See also the Facebook companion app Rock Band World.


Rock Band Blitz contains examples of:

  • Adam Smith Hates Your Guts: In this game, you earn coins by completing songs based on your star rating, or winning player challenges. However, you need coins to buy the use of powerups each time you played a song (even if you restarted a song!), and in most cases, it was impossible to five- or gold-star a song if you didn't use powerups. In the game's original release, the rate of reward-to-cost was rather low, requiring players to either face off against each other or completing challenges via the Facebook application. About a week or so after release, Harmonix slightly lowered the cost of power-up payments, averting the economy problem.
  • Big Rock Ending: So you thought that songs with a Big Rock Ending bonus require you just to whale on the buttons? Nope. They're charted as normal notes.

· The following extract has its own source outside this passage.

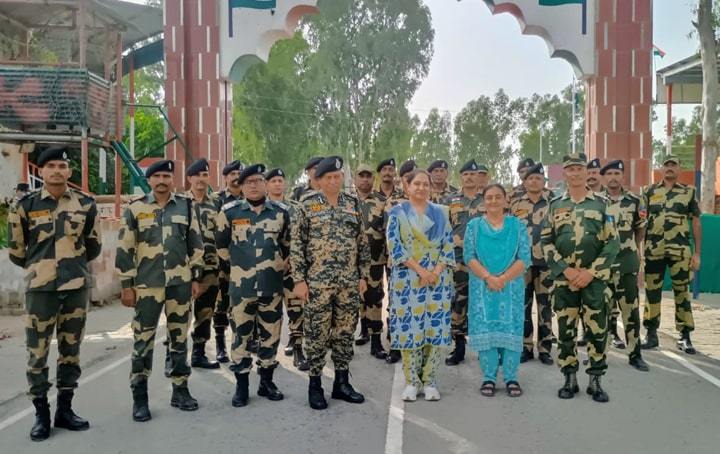 ਡਿਪਟੀ ਕਮਿਸ਼ਨਰ ਨੇ ਭਾਰਤ-ਪਾਕਿਸਤਾਨ ਸਰਹੱਦ ‘ਤੇ ਬੀਐਸਐਫ ਜਵਾਨਾਂ ਨੂੰ ਰਾਖੀਆਂ ਬੰਨ੍ਹ ਮਨਾਇਆ ਰੱਖੜੀ ਦਾ ਤਿਉਹਾਰ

Granted, the ending of the song doesn't matter as much as the rest of the song (in terms of scoring), but a veteran Rock Band player can be caught off-guard when they realize there's notes instead.
  • Color-Coded for Your Convenience: Rock Band Blitz has a different color lane for each instrument in the song: green drums, red bass, yellow guitar, blue vocals, orange keys. Even here, orange is often trouble, as many key charts are sparse, and out of the way at the edge of the road, next to vocals which can also be sparse. This leads to moments where keys prevent the multiplier limit from being raised unless carefully tended to. Even the basic tutorial warns about this.
  • Downloadable Content: One will quickly begin to realize that the 25 songs included with the game aren't enough. The game will happily play over 99% of the downloadable and exportable songs available to the main series. If you play a downloadable song from an artist that had new DLC released that week, you'll earn more rewards for finishing the song.
  • Earn Your Fun: Somewhat. While all songs are available to play, you will have to work to unlock the use of the power-ups. And the better ones are unlocked later. Added to that, you must pay in-game currency for the use of power-ups in a song which you can only earn by completing songs well.
  • Easy-Mode Mockery: The game will render the playing charts based on the song's Expert difficulty. No exceptions. Let's be fortunate that the engine will happily ignore Harmonies and Pro versions.
  • 100% Completion: A couple of the achievements/trophies require the player to 5-star or Gold-star every song in the main list. The other notoriously hard one is playing 500 unique songs, requiring a hefty DLC library and a lot of grinding.
  • Melismatic Vocals: For each time the vocalist changes pitch within a syllable, it is charted as a different note rather than a continuation of the same note.
  • Nerf: The Flame Notes power-up has downgraded from a Game-Breaker to Joke Power-up in an update... then was restored.
  • Old Save Bonus: Exports from past games in the series, as well as DLC, can be played in this game.
  • One-Man Band: To perform well on a song, one will be required to play all the instrument parts of the song and must consistently switch between them. While it's not enforced, not doing so will net you a severely low score. There is a power-up called "Bandmate" will make the game play an instrument for you for a short while, allowing you to concentrate on other parts. Notably, "they" will play perfectly.
  • Running Gag: Lead designer Brian Chan is brought up a lot in loading screens.